* **PROBLEM REQUIREMENTS**
Below are some records; repeat them all exactly, minus the pictures.

* **DATASET ENTRIES**
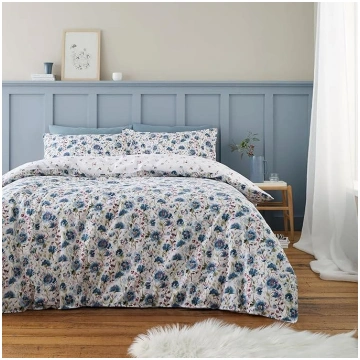 Bianca Brushed Cotton Ophelia Floral Blue Reversib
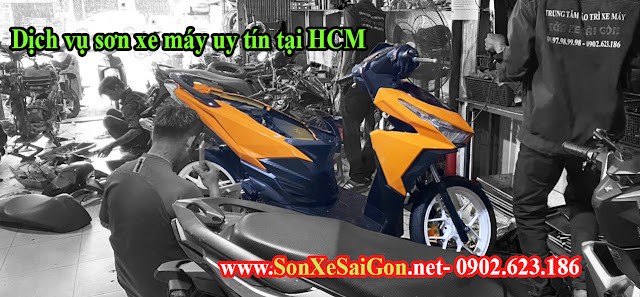 Mẫu sơn xe Honda vario màu cam bóng cực đẹp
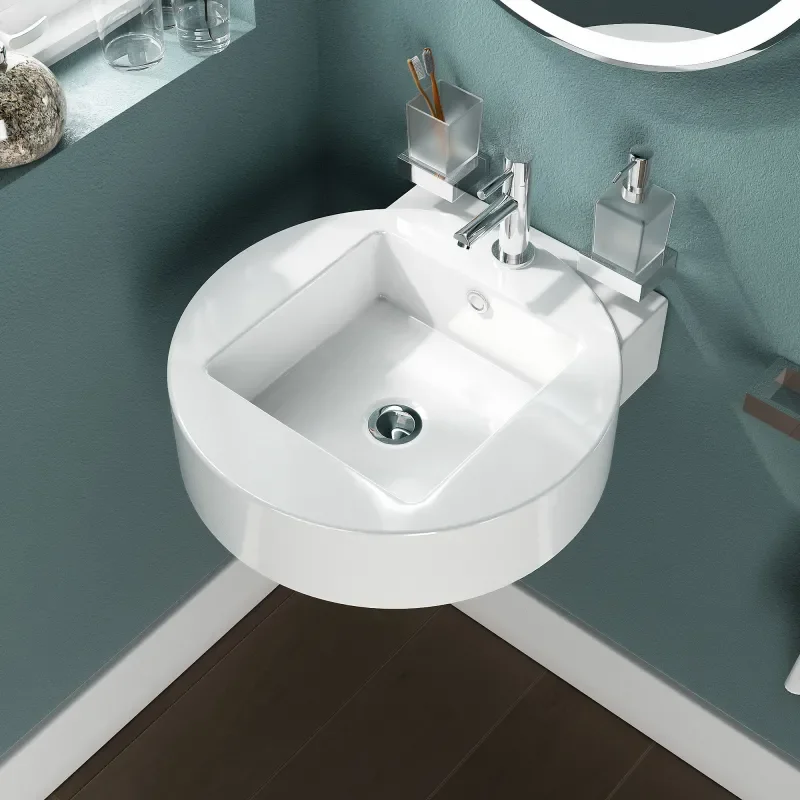 neo wall hung round basin with square sink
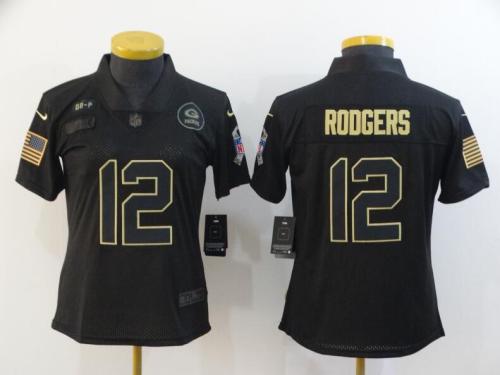 Women Packers 12 Aaron Rodgers Black 2020 Salute To Service Limited Jersey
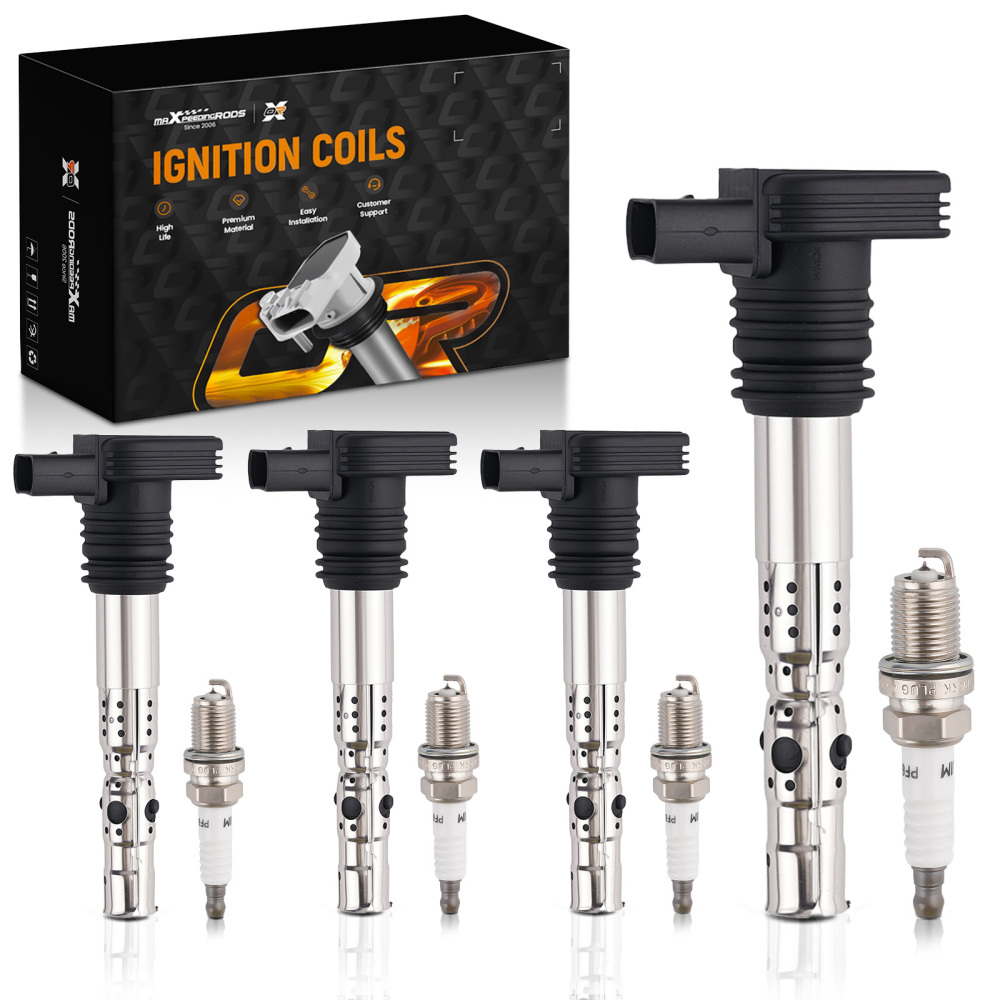 4pcs Ignition Coil + Spark Plugs compatible for Audi A4 TT 1.8L A6 2.7L 01-06 06B905115D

* **OUTPUT OF THE EXERCISE**
 Bianca Brushed Cotton Ophelia Floral Blue Reversib
 Mẫu sơn xe Honda vario màu cam bóng cực đẹp
 neo wall hung round basin with square sink
 Women Packers 12 Aaron Rodgers Black 2020 Salute To Service Limited Jersey
 4pcs Ignition Coil + Spark Plugs compatible for Audi A4 TT 1.8L A6 2.7L 01-06 06B905115D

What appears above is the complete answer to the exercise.